Henry J. Waters III

Henry J. Waters III

Tad’s tender trap

Originally published on The Columbia Daily Tribune website

Tad Bartimus has a way of getting you tangled up in her universe. You say “yes” to some little request, and next thing you know you are helping to save the world.

I first met Tad when she was an undergraduate J-School student at Mizzou and I was the unsuspecting young publisher of the Tribune. Somehow she convinced me we needed a Mizzou correspondent — no, she convinced me we needed her as the Mizzou correspondent — and both our lives changed. Tad went on to become the first female special correspondent for The Associated Press and one of the few women covering the war in Vietnam. In the meantime, I bumped into her in Miami, where she was getting started with the AP and I was fooling around with sailboats.

Many years passed. Tad lived in Alaska and Hawaii with a stint in Estes Park, Colo. Every few years I would discover some other Tad adventure, enjoy a brief interlude of reacquaintance and we’d move on.

Finally, not long ago, she was at my doorstep again with another project, perhaps the last in her long career. She wanted to bring “Talk Story, Write Story” to MU’s Reynolds Journalism Institute and said the project desperately needed a local newspaper sponsor. Of course, the Tribune was the one.

As usual with Tad, I had no real idea what she was up to, but initial ignorance, or even disinterest, is not enough to put her off. So we finally said we would be involved, and from the story in this section of the newspaper on Sunday, I learned a large contingent of Columbia’s best was hooked as well.
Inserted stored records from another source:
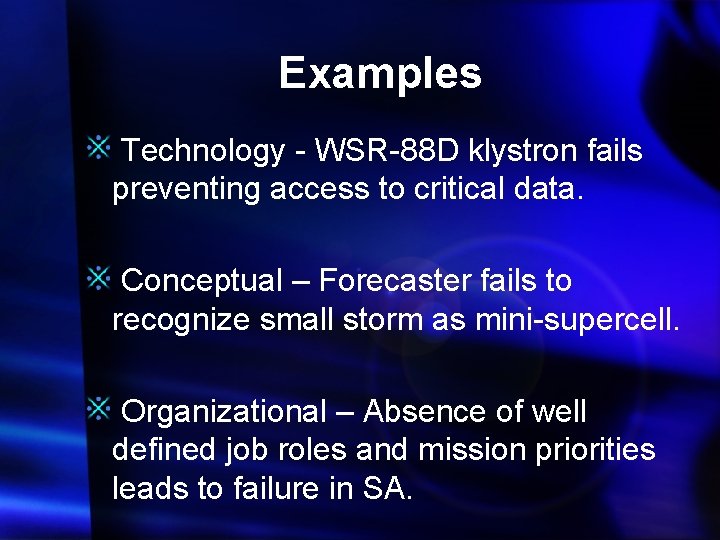 Examples Technology - WSR-88 D klystron fails preventing access to critical data. Conceptual –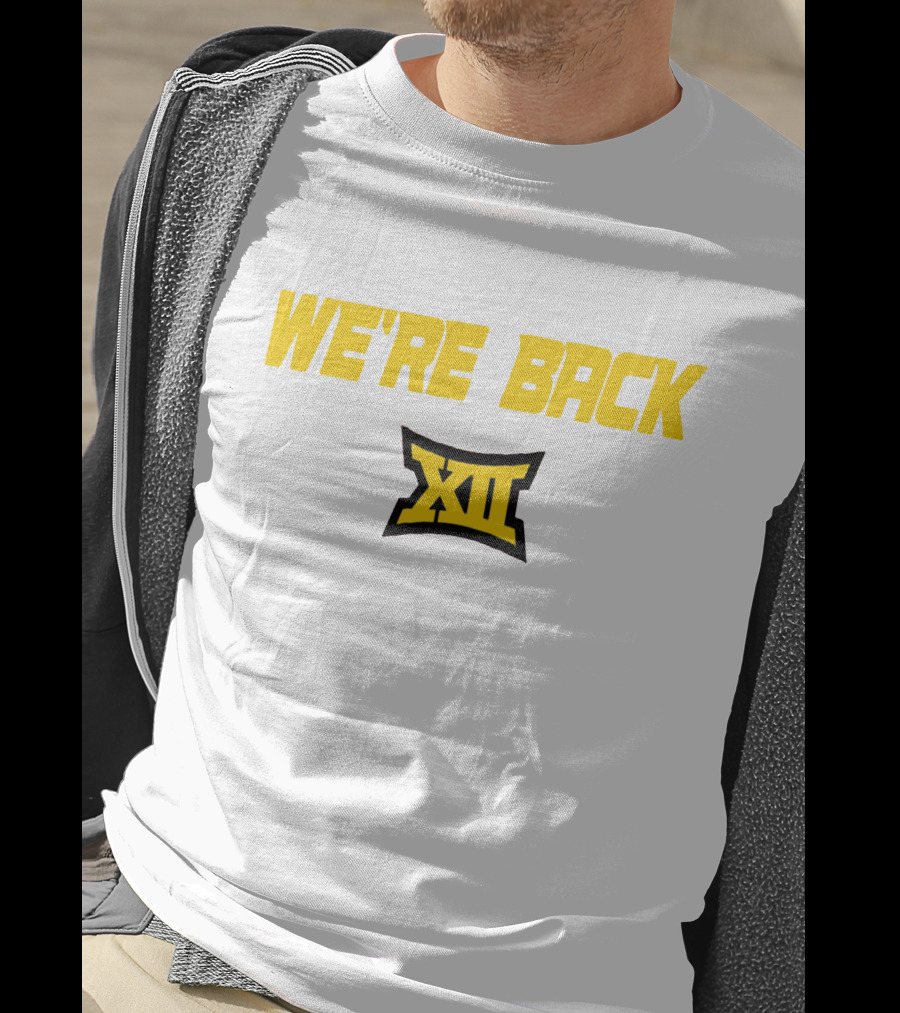 WE'RE BACK XII Big 12 Conference T-Shirt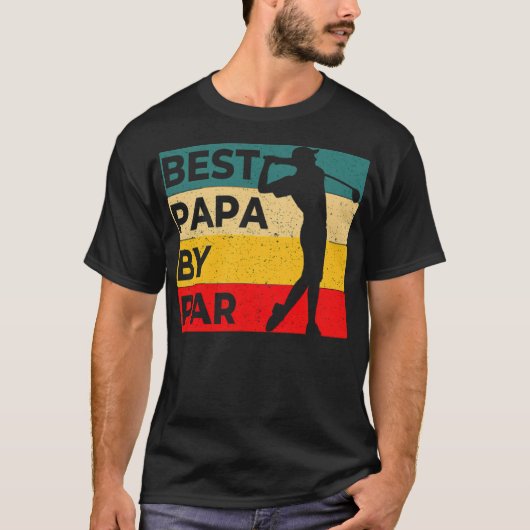 Best Papa By Par Vathers Day Golf Liebe T-Shirt (Vorderseite)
Tad and her husband, Dean, have invented a unique educational vehicle aimed at elevating needy talented kids from struggling school days to fully funded college educations. In Columbia and elsewhere, she recruited who’s-who rosters of mentors to work young people through a process Tad learned in Hawaii and later took to Alaska, a metamorphosis from telling stories under a monkey pod tree to writing stories and winding up in college.

I can’t do justice to the whole story here; I just want to mention my old friend Tad, who has done another round of good stuff as she travels toward the end of her career. By the time this piece appears, she is on her way back to Hana, Maui, where she and Dean have their home. Unless I miss my guess, she’ll suddenly appear again when I least expect her.